Exercise instructions => Which lines of the listing hold the string "with"? Copy those lines.

Record extracts =>
>>>>

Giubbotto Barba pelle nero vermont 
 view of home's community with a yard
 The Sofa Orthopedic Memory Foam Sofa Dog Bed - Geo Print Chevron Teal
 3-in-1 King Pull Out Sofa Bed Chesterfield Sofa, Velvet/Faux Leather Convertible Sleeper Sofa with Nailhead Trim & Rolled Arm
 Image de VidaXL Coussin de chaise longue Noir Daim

<<<<

Solution =>
 view of home's community with a yard
 3-in-1 King Pull Out Sofa Bed Chesterfield Sofa, Velvet/Faux Leather Convertible Sleeper Sofa with Nailhead Trim & Rolled Arm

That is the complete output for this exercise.